__EXERCISE OBJECTIVE__:
Only the lines from the start of the material through the line containing "Women's Chiefs AFC" are to be extracted, exactly as they appear.

__ENTRIES PROVIDED__:

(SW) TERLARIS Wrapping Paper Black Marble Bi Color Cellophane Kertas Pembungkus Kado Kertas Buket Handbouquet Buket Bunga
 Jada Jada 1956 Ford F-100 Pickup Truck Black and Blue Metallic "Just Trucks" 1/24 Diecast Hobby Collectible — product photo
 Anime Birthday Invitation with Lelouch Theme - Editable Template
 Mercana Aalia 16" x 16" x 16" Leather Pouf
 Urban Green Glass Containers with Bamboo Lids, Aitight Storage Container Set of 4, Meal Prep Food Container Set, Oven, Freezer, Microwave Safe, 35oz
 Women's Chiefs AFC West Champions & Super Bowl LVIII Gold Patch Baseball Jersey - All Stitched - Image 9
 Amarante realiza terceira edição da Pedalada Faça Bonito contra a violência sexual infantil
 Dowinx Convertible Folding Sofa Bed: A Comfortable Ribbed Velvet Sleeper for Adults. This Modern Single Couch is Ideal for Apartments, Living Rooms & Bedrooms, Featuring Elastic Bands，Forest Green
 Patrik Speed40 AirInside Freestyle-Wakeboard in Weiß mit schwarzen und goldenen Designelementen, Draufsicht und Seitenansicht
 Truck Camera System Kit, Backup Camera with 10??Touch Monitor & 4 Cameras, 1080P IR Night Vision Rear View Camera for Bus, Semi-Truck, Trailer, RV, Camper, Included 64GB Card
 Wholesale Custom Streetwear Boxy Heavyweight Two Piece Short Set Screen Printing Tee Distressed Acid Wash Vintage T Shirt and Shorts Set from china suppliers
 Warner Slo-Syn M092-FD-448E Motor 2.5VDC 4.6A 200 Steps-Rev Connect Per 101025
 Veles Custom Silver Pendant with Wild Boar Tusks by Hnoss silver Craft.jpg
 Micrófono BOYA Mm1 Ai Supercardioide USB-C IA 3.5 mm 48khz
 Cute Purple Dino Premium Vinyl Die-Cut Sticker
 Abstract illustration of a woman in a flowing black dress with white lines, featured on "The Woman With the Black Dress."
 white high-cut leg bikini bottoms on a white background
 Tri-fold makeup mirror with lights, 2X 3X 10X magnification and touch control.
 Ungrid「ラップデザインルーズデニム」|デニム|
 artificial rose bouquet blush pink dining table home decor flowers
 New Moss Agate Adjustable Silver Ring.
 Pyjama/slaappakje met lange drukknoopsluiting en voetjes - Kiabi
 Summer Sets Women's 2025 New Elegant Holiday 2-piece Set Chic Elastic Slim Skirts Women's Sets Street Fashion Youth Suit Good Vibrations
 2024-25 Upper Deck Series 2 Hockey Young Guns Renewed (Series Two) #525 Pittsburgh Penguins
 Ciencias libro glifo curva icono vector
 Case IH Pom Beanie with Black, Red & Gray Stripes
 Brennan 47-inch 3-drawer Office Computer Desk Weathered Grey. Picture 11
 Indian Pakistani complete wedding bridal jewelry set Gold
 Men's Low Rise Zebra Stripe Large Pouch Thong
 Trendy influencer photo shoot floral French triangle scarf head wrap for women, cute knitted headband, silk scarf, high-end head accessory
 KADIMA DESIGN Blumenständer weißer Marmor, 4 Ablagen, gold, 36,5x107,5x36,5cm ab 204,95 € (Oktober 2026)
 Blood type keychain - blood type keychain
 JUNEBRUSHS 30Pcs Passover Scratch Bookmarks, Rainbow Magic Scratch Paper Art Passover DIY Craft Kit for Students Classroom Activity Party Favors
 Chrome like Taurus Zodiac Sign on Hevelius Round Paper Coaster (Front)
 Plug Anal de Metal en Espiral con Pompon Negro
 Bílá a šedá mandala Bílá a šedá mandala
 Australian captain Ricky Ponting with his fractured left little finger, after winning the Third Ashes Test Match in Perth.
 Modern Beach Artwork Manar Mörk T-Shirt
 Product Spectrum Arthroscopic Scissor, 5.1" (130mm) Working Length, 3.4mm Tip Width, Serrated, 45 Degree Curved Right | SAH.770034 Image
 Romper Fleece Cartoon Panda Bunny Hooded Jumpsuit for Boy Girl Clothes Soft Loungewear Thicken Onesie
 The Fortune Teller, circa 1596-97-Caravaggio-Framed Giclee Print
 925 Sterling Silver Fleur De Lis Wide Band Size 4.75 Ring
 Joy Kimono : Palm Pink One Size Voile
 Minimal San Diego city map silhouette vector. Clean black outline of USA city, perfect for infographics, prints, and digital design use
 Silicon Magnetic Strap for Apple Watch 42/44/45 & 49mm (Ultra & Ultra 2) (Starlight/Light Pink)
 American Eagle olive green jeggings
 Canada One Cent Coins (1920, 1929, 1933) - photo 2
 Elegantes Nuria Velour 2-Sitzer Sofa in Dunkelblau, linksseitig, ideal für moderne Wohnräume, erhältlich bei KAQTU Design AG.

__OUTPUT FOR THIS EXERCISE__:
(SW) TERLARIS Wrapping Paper Black Marble Bi Color Cellophane Kertas Pembungkus Kado Kertas Buket Handbouquet Buket Bunga
 Jada Jada 1956 Ford F-100 Pickup Truck Black and Blue Metallic "Just Trucks" 1/24 Diecast Hobby Collectible — product photo
 Anime Birthday Invitation with Lelouch Theme - Editable Template
 Mercana Aalia 16" x 16" x 16" Leather Pouf
 Urban Green Glass Containers with Bamboo Lids, Aitight Storage Container Set of 4, Meal Prep Food Container Set, Oven, Freezer, Microwave Safe, 35oz
 Women's Chiefs AFC West Champions & Super Bowl LVIII Gold Patch Baseball Jersey - All Stitched - Image 9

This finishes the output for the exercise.